Insgesamt wird gesagt, dass die Privatisierung sich positiv auf die Kibbutzim ausgewirkt habe. Trotz allem jedoch gibt es Mitglieder, die sich plötzlich im neuen Kapitalsystem nicht mehr wiederfinden. Den Traktor, den sie so sehr liebten, fahren nun billige Thaikräfte oder Palästinenser. Diese zu beschäftigen zahlt sich für den Kibbutz finanziell günstiger aus. Was also tun, wenn man ein ganzes Leben für den Kibbutz da war und letztendlich alle doch wieder dem Kapital nachjagen und ihre Türe hinter sich zuknallen ? Wo bleibt das das einstige Ideal ?
MAARIV berichtet von Selbstmorden. Nicht wenige Mitglieder sahen nur noch diesen Ausweg und die Kibbutzim schweigen. Selbstmord wegen Privatisierung ? Psychische Probleme damit ?
Das sei ein absolutes Tabuthema !
An soetwas lieber nicht denken, denn man will ja die Früchte des eingezogenen Kapitalismus ernten und weniger die Verlierer sehen.

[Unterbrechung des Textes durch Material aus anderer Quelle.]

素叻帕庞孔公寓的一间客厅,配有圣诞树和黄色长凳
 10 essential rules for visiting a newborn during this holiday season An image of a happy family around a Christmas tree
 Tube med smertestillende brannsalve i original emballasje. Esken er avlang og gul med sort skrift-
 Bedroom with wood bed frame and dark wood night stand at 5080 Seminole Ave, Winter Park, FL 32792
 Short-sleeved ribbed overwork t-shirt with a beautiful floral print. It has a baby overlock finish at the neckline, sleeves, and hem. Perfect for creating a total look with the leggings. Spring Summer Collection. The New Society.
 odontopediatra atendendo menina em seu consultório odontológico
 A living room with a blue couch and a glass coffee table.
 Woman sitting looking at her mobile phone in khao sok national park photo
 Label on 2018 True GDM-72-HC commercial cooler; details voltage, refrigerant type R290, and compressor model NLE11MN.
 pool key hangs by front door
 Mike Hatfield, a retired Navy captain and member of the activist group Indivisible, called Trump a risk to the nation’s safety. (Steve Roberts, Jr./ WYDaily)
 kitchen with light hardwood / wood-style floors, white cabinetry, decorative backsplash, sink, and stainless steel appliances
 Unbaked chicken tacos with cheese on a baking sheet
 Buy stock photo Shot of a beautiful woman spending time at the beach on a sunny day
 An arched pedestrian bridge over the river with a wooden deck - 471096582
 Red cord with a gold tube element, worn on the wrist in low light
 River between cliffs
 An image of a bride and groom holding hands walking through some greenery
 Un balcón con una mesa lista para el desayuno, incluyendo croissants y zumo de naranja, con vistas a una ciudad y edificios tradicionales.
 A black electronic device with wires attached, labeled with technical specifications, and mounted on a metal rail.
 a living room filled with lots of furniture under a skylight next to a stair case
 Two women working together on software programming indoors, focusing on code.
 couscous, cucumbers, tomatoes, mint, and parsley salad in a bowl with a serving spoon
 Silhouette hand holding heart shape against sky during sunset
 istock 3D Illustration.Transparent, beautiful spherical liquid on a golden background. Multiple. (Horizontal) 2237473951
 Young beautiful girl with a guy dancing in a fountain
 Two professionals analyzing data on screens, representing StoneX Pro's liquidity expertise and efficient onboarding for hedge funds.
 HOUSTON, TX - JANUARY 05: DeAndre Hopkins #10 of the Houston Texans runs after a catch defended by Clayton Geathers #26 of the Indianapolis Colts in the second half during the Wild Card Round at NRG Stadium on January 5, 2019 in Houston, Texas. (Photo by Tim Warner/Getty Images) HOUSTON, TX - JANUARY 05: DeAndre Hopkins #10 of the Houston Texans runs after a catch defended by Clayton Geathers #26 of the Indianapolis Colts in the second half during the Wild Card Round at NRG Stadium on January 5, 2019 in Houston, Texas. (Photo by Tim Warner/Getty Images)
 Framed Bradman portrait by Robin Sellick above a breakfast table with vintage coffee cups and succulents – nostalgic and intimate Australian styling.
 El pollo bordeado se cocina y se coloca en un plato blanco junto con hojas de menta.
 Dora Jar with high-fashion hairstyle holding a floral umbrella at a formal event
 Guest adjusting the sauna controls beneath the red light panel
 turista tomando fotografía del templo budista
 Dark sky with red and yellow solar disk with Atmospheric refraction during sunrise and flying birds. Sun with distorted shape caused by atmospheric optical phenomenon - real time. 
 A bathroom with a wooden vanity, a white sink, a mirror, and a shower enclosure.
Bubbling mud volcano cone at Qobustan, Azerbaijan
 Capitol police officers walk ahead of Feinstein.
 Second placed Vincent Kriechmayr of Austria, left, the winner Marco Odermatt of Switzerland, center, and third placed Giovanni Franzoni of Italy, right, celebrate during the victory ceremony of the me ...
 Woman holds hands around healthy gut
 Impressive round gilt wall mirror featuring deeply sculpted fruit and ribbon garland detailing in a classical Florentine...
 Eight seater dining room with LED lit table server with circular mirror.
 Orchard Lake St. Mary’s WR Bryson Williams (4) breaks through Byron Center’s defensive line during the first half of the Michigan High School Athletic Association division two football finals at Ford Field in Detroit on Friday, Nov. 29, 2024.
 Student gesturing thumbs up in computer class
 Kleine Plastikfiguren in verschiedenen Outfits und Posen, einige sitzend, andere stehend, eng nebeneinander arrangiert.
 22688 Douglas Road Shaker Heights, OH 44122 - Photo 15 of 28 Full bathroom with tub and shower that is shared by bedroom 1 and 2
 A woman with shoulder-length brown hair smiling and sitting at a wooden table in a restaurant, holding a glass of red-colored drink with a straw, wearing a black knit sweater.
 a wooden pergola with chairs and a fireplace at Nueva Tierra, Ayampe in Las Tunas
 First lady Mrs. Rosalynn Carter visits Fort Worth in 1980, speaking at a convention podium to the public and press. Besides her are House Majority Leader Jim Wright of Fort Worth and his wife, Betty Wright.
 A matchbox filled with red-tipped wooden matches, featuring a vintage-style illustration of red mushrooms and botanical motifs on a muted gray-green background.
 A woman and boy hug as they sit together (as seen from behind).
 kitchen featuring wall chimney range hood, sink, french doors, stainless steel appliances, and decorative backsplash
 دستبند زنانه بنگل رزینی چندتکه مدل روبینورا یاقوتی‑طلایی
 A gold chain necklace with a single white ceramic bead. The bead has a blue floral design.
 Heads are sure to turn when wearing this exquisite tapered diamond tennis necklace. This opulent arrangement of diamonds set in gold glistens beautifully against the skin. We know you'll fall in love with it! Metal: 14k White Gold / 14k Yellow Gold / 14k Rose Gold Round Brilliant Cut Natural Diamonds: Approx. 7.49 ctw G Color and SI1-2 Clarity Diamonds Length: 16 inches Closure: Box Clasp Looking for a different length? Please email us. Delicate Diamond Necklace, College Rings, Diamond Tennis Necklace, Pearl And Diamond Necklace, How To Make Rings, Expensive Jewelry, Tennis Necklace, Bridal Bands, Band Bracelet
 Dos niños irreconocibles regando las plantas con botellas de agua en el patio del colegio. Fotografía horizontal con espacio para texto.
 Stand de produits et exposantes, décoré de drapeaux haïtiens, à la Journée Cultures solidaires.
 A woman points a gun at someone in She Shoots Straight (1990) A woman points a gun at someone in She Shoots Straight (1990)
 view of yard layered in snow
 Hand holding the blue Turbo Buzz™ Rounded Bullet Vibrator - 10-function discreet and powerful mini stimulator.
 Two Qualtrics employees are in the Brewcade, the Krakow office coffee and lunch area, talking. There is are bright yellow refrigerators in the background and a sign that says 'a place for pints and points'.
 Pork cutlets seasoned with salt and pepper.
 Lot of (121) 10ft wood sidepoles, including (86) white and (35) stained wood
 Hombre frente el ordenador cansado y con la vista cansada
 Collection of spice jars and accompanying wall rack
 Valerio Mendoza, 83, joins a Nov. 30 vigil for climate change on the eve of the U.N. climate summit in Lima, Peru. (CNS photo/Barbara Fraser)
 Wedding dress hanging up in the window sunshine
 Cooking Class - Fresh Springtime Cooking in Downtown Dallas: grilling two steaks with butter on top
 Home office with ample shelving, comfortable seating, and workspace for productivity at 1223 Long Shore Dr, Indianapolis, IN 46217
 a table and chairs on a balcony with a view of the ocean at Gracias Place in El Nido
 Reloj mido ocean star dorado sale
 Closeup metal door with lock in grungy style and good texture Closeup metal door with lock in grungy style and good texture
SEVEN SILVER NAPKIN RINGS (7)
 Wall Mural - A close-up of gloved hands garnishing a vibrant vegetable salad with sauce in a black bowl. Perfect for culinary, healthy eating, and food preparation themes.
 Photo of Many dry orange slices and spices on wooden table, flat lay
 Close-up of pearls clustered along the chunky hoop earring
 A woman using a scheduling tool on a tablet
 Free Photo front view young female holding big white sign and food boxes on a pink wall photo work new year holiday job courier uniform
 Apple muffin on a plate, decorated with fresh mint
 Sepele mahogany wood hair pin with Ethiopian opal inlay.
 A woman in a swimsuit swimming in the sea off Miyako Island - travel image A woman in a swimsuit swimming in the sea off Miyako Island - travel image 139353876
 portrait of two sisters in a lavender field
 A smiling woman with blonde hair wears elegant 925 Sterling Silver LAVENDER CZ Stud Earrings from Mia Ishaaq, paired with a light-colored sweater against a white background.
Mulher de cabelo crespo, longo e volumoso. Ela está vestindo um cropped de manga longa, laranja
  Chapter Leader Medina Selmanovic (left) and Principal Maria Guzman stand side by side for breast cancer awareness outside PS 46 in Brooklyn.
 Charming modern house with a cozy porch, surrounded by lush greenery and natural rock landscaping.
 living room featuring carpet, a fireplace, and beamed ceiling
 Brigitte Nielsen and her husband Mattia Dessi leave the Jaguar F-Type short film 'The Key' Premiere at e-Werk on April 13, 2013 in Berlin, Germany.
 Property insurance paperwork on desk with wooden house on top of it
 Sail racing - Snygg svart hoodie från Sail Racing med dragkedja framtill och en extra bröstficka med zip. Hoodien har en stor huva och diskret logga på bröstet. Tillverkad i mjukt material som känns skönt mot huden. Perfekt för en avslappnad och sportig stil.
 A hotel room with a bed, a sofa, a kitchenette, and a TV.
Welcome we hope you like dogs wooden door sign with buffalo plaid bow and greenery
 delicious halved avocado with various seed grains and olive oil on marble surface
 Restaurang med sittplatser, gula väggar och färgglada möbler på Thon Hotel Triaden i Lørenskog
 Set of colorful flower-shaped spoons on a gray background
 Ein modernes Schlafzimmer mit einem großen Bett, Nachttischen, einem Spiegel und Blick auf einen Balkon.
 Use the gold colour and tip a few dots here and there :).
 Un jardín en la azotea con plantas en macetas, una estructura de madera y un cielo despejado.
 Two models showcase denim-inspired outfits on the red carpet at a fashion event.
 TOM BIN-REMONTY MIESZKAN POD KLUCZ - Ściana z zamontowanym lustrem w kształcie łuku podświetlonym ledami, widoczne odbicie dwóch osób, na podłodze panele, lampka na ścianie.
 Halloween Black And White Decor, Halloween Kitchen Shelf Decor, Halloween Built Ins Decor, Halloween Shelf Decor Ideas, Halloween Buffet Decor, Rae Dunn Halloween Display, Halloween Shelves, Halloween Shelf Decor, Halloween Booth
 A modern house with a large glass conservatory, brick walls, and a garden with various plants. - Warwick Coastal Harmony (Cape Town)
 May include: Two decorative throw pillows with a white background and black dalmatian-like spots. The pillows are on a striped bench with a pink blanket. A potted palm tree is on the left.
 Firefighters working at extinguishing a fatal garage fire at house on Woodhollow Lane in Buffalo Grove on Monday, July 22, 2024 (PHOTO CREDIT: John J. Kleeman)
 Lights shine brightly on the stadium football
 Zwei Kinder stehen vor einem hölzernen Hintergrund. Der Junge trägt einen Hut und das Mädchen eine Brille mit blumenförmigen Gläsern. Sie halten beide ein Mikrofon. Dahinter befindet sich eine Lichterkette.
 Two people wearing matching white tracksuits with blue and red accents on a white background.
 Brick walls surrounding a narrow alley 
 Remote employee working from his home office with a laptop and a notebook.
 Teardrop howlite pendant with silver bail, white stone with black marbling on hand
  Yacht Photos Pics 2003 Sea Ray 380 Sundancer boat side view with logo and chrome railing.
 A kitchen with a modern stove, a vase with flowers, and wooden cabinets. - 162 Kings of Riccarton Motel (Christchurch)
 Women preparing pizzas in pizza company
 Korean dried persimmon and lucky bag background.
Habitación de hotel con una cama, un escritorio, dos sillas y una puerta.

In ca. zehn Jahren wird es den Kibbutz kaum noch geben, sondern die Betriebe lösen sich in Privatunternehmen auf. Bald wird der Kibbutz ganz verschwunden sein, bis auf einige wenige, die uns dann als Museum dienen. Doch das einstige Gesellschaftsideal ist für uns Städter schon längst etwas Abgefackeltes. Vom Lande halt und belächelt.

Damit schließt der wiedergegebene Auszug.